Saturday, January 19, 2013


January 18, 2013

It was a frosty morning with temperatures dropping to the just 5 degree Fahrenheit when I walked across the street to meet with Laira for breakfast at the Vanilla Sky café. The place is adding an all-glass enclosure to allow customers to sit outdoors even in the dead of winter and workers were busily scurrying around to get it done as soon as possible.

The non-smoking section was completely empty at 9:00 am and I asked the server if they had just opened, but he replied they opened an hour earlier. Despite Rebecca’s assertion that the café had a fantastic breakfast menu, I found no evidence of it as there were no eggs, pancakes, crepes, omelets or anything I could recognize as a breakfast offering. The server brought me another menu in English, but that didn’t help any.

When Laira arrived, she brought me the pair of trackers she had purchased in Switzerland for me so I can attach them to the soles of my boots and keep from skidding on the ice and breaking my neck. They were quite different from the flimsy ones Peace Corps volunteers wear, but then again these were Swiss. I paid Laira the $40.00 I owed her and we proceeded to order something that looked like a cross between a wrap and a crepe.

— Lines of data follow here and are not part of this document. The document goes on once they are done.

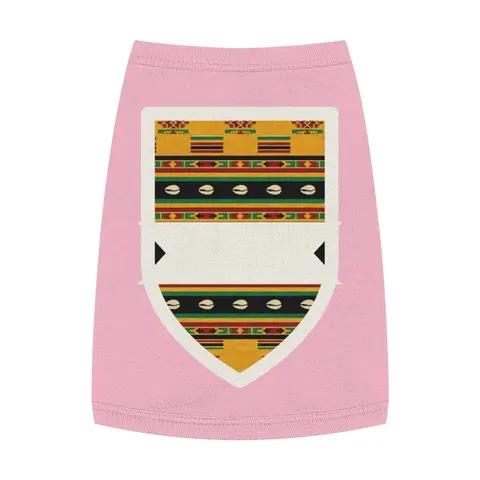 Faith Flag Afro-Spiritual Cowrie & Kente Pet Tank Top — front view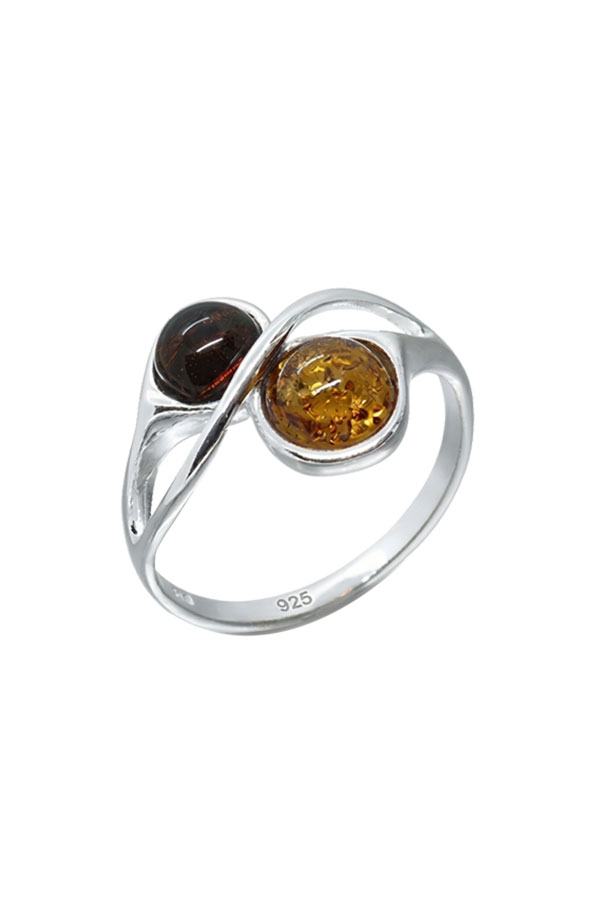 Bague ambre bicolore et argent blanc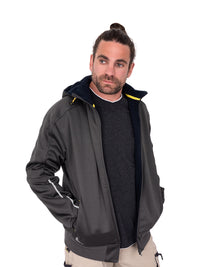 FLEECE ZIP FRONT HOODIE WITH SHERPA LINING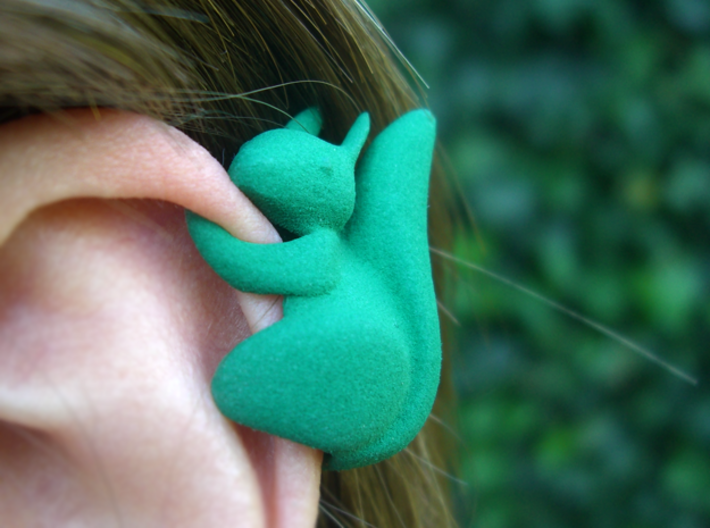 Ear Squirrel - ear cuff (left) 3d printed this one is to be worn on your left ear! no holes needed!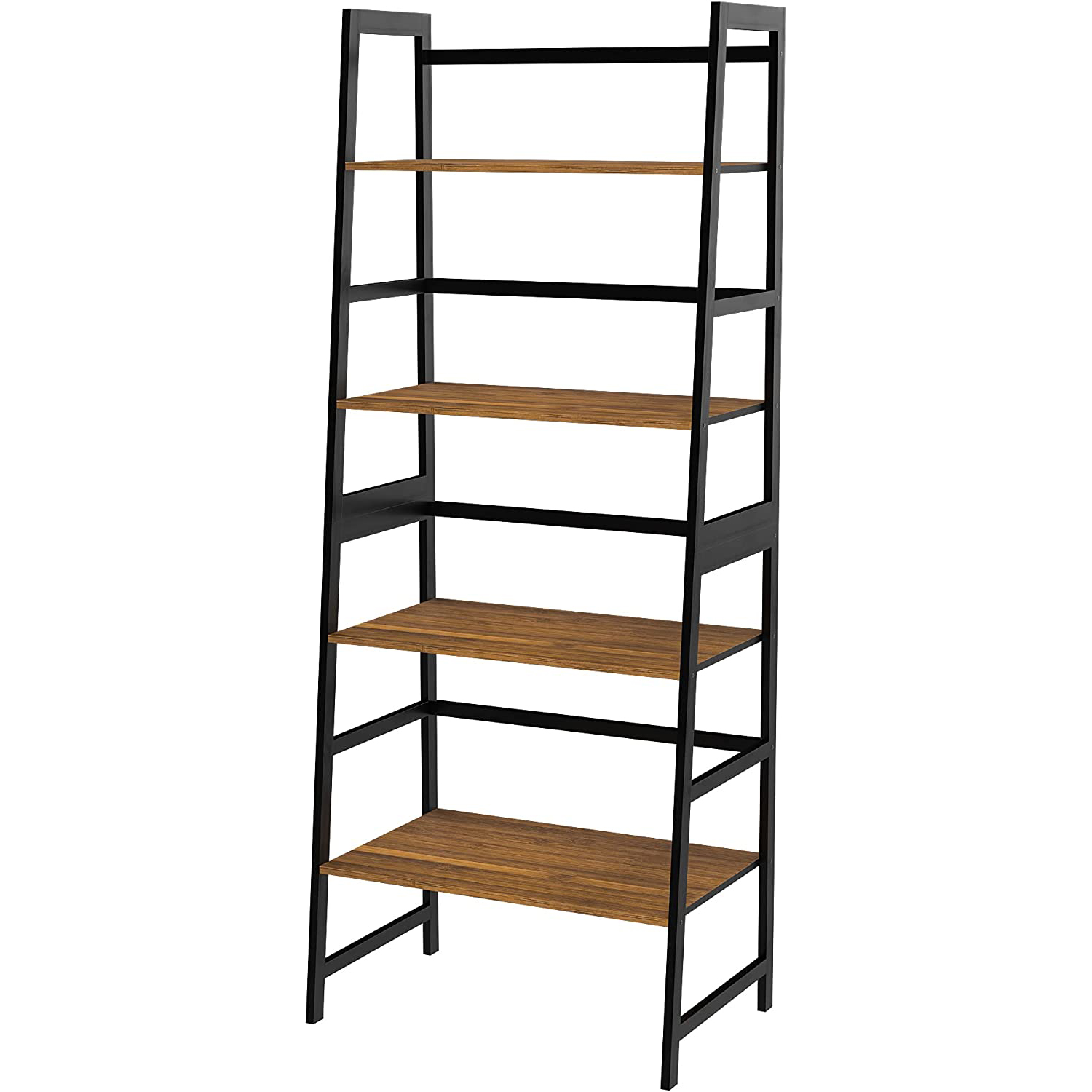 Bookshelf, Ladder Shelf, 4 Tier Tall Bookcase, Modern Open Book Case for Bedroom, Living Room, Office (Brown)-CASAINC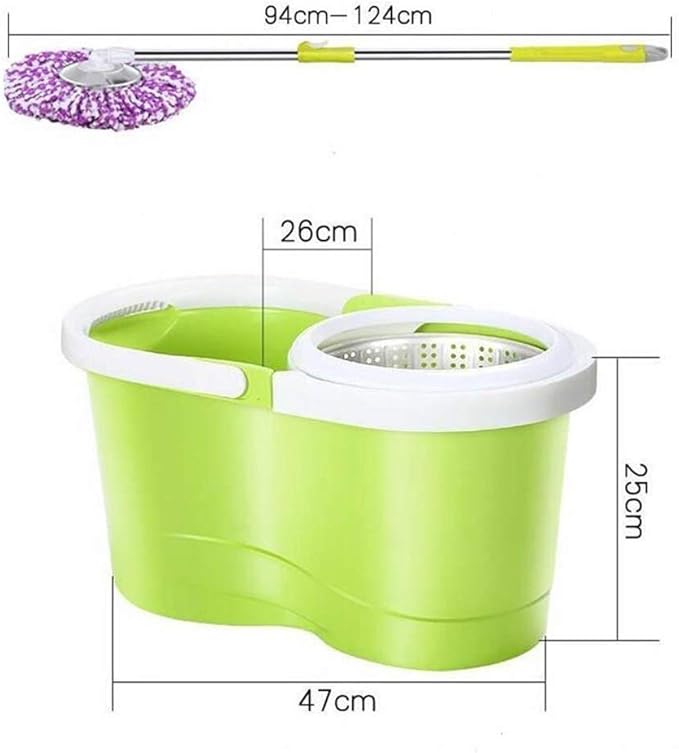 Spin Mop Wringer Bucket Set - for Home Kitchen Floor Cleaning - Wet/Dry Usage on Hardwood & Tile - Upgraded Self-Balanced Easy(Gray)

I asked for American coffee and hot milk on the side, but the server brought me a large glass of hot milk instead. It doesn’t to amaze me that these places, catering to the expat community for the most part, fail to hire personnel with a certain degree of fluency in English. Laira commented that the NGO her husband works for, Helvetica, does provide training in the tourist area of Issyk-Kul as that region attracts more tourists than Bishkek does.

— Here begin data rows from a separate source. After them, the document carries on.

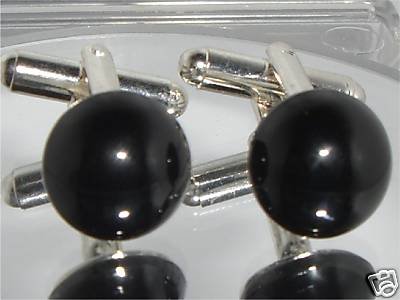 Wedding Groom Usher Cabochon Jet Crystal Cufflinks made with SWAROVSKI ELEMENTS
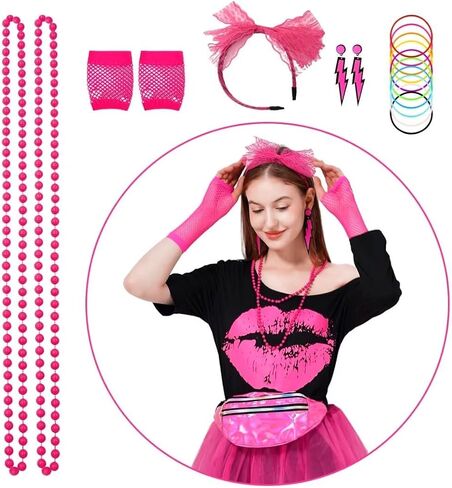 WILDPARTY 80s Outfit for Women Party Accessories, Lip Print T-shirt Tutu Fanny Pack 1980s Costume Neon Retro Theme Cosplay in Saudi Arabia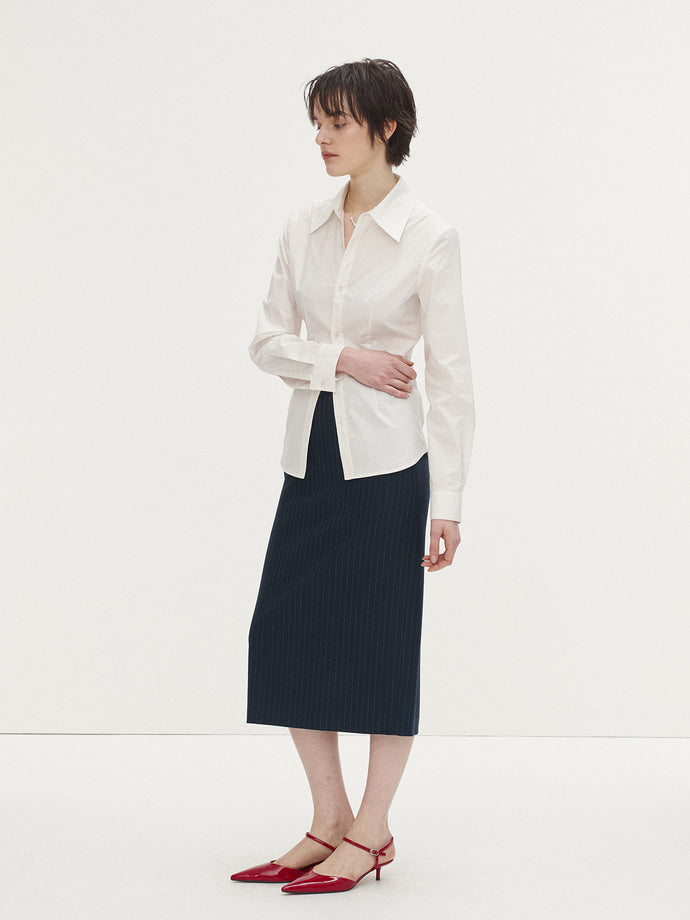 Tonywack - Striped Wool Long Pencil Skirt (Navy Pinstripe) product image 4 | TRAB K-Fashion Australia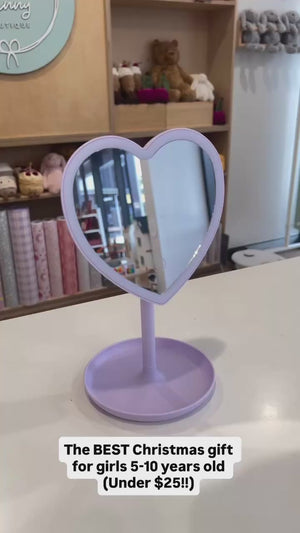 Light up LED Heart Mirror Purple - IS GIFT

The meal was just all right and hardly worth the almost $10.00 I had to pay for it. I told Laira that next time we met; I’d cook Dominican-style scrambled eggs, toast and coffee at my place.  We went up to my place so she could see the apartment and agreed to meet on Monday for the Zumba class she told me was hosted just across the street and next to Vanilla Sky.

Willoughby called in the afternoon to ask if I wanted to accompany her to see the opera “La Traviata” which is being offered at the Philharmonic Hall on Sunday evening. Although I’m not really a fan of opera, I agreed to go with her and even pick up the tickets tomorrow afternoon after the conversation club at Lingua. I thought it’d do me good to get out of the house for a bit and haven’t seen this one anyway. Willoughby plays the piano and is thus quite knowledgeable about music.

In the evening, I got to watch yet another movie, “A Serious Man”, a film I knew nothing about but just knowing it was written, directed and produced by the Coen brothers was enough to get me interested. It’s a bleak film on the surface and merits a second watch before I form a definite opinion on it.